Background: Cardio-Embolic stroke affects up to 8 percent of children with congenital heart disease. Pediatric stroke guidelines recommend antithrombotic therapy (AT) in children with congenital heart disease at risk for stroke. These children are at high risk for hemorrhagic transformation (HT) of their stroke. In adults, the use of antithrombotic therapy after stroke is guided by risk for recurrent stroke and bleeding risk assessment. However, there is little such guidance for the pediatric population, and therapy plans are often adopted from systemic AT guidelines or adult randomized trials. Our study aims to describe the management of cardioembolic stroke in children and young adults at Nationwide Children's Hospital (NCH) and further characterize risk factors for HT.

Objectives: This study aims to characterize timing of AT in children after cardioembolic stroke and its impact on outcomes. We also aim to identify risk factors for the development of HT in children and young adults, as well as the incidence of long term complications and stroke recurrence in this population.

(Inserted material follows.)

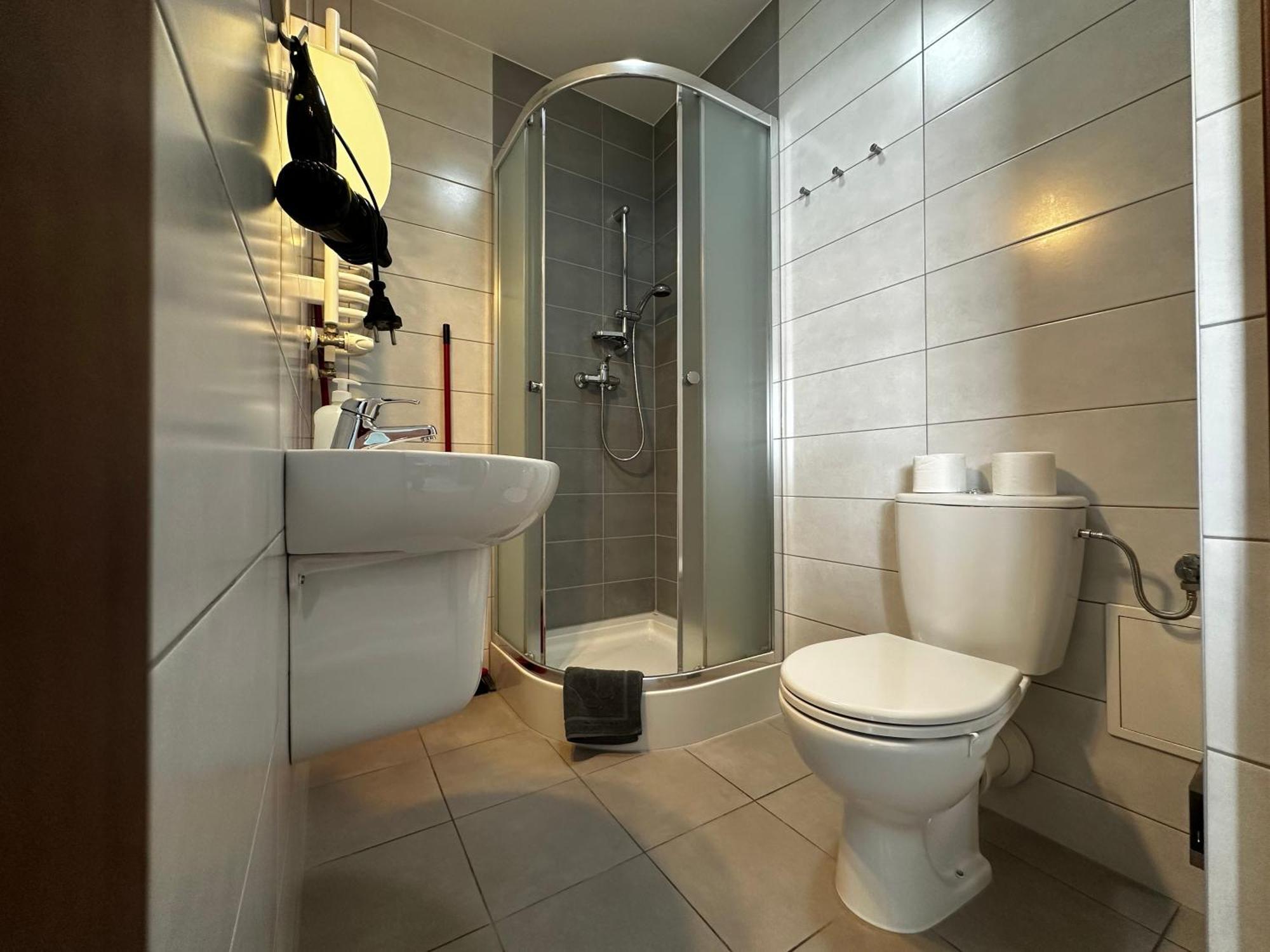 Apartament Serwis Krakow Exterior photo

Methods: We conducted a retrospective study identifying term neonates to young adults (up to 21 years of age) with radiologically confirmed diagnosis of cardio-embolic stroke at NCH from 1/1/2014-1/1/2021. 91 patients were identified who met this criteria. A retrospective analysis was completed for demographic information, stroke characteristics, timing of anti-coagulation initiation, presence of hemorrhagic transformation, and risk factors associated with hemorrhagic transformation. Demographic characteristics and risk factors for hemorrhagic transformation were summarized using counts and percentages, stratified by the presence or absence of hemorrhagic transformation. Univariable and multivariable logistic regression were used to assess the timing of anticoagulation, risk factors for hemorrhagic transformation, and predictors of stroke recurrence in children and young adults with cardio-embolic stroke. Results were reported as odds ratios with 95% confidence intervals and corresponding p-values.

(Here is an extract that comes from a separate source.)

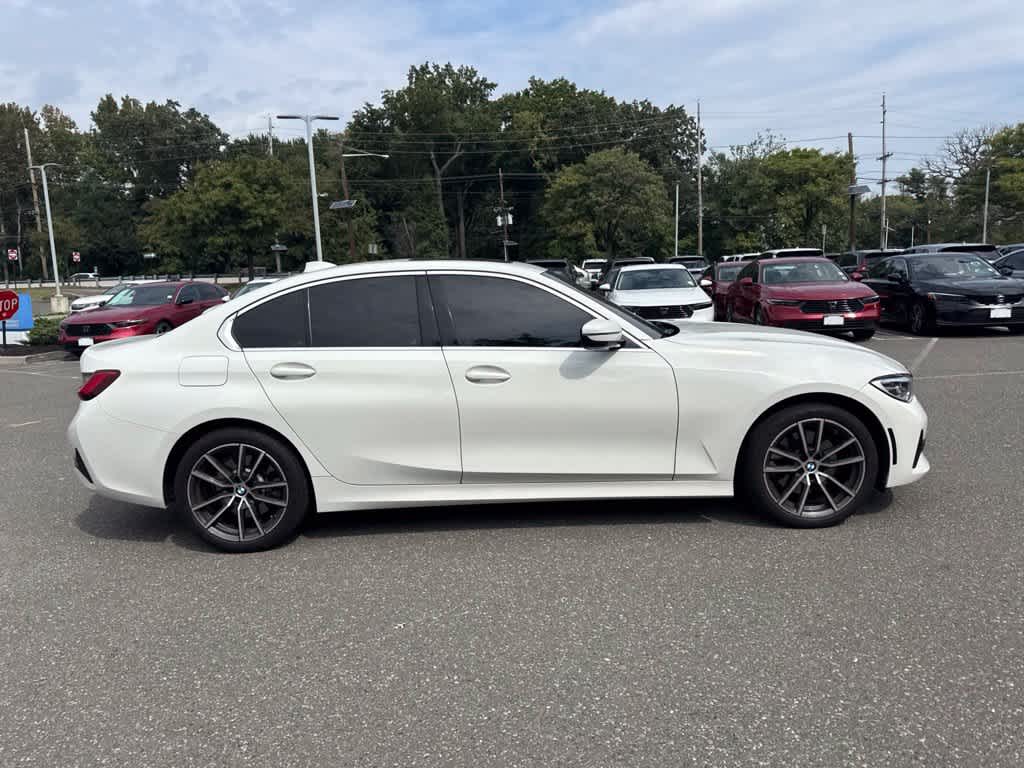 2019 BMW 330i xDrive 330i xDrive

Results: Of the 91 patients identified, 14 (15.38%) were found to have developed HT. Of these, 5 patients had HT identified prior to initiation of anti-coagulation. Within this cohort of 5 patients with initial HT at presentation, AT was started within a week of diagnosis and 2 patients had reported significant bleeding complications. There was not a significant difference in the odds of HT in

patients for whom AT was initiated within 1 week compared to those who had AT started within 24 hours (OR = 1.02, 95% CI: 0.13–5.72, p = 0.98). Similarly, there was no significant difference between those initiating AT within 1 month compared to those initiating AT within 24 hours (OR = 1.28, 95% CI: 0.06-10.21, p = 0.83). Identified risk factors for hemorrhagic transformation in these patients includes a history of endocarditis (p < 0.01). The number of patients with long-term complications after initiation of AC was 16 (17.58%). These included bloody stools (25%), subdural hematoma (18.75%), intraparenchymal hemorrhage (18.75%).

Conclusions: Risk of hemorrhagic transformation did not increase significantly depending on timing of AT initiation. Clinically significant risk factors for HT in this population include a recent history of cardiac catheterization, as well as prior anti-coagulation. Other notable risk factors include recent history of endocarditis and cardiopulmonary arrest prior to stroke diagnosis. Patients with these risk factors must be carefully considered when deciding the timing of initiation of anti-thrombotic therapy. Additionally, it is notable that patients who are started on long term anti-coagulation following diagnosis of cardio-embolic stroke require close ongoing monitoring, as many went on to develop bleeding side effects of these medications, even months after initiation.